I answered yet another ad. No, not for a vocalist (you know where that gets me), but for a dance partner.
My company has a community news group so people can post things for sale, or items wanted, or really anything. Last week there was a posting from a woman looking for a practice partner for salsa dancing.
And I thought, why not?
I miss dancing. I haven’t been salsa dancing in ages. And while I’m not a good leader, I’m a helluva follower, and this particular gal needed someone to practice her lead with.
We met today at lunch and danced for about an hour. She’s learning tough steps in her class and was impressed that I could follow her so easily. It reminded me how to use my body – keeping a frame, not locking my arms, spotting when I’m turning, keeping my torso straight and only turning from the waist. It all came rushing back after 10 years.
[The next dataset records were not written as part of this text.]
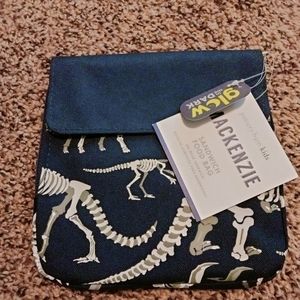 BNWT Pottery Barn Mackenzie Glow in the dark Dino sandwich bag
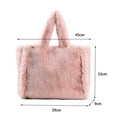 thumbnail image 2 of NOKIO Fluffy Tote Bag for Women, Women's Winter New Largesize Large Capacity Solid Color Simple Plush Handbag Mini Fuzzy Tote Plush Shoulder Handbag Faux Fur Bag Furry Purse, 2 of 5
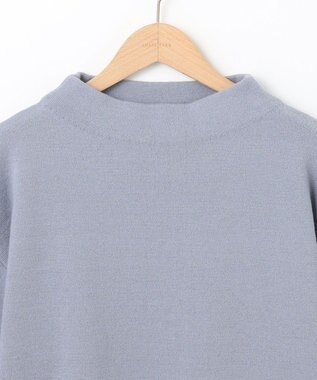 SHARE PARK LADIES ミラノリブボリュームスリーブニット サックスブルー系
And as an added bonus, I sweated my ass off.
So we’ve agreed to meet up once or maybe twice a week to practice. Add this to my kickboxing classes and I should hit my goal weight of 98lbs in no time!
What’s funny is, it occurred to me that I don't really seem to have a lot of fear when it comes to emailing strangers. That’s how I met Steve, and Ms. Traveler (my Ballard walking buddy and in some ways, my mentor) and Todd. I’ve met some of the greatest people by blindly (but safely) taking a chance and reaching out.
It’s times like this when I take a step back and I surprise myself. The 13 year old girl in me would be paralyzed with fear at the thought of reaching out and being vulnerable. She was so insecure and afraid and fragile.
But now, the 35 year old in me says, what the hell? What’s the worst that can happen? I would never use the words “secure”, “fearless” or “strong” to describe myself, but there are moments when that’s exactly what I am.
I kind of like this person I’ve become.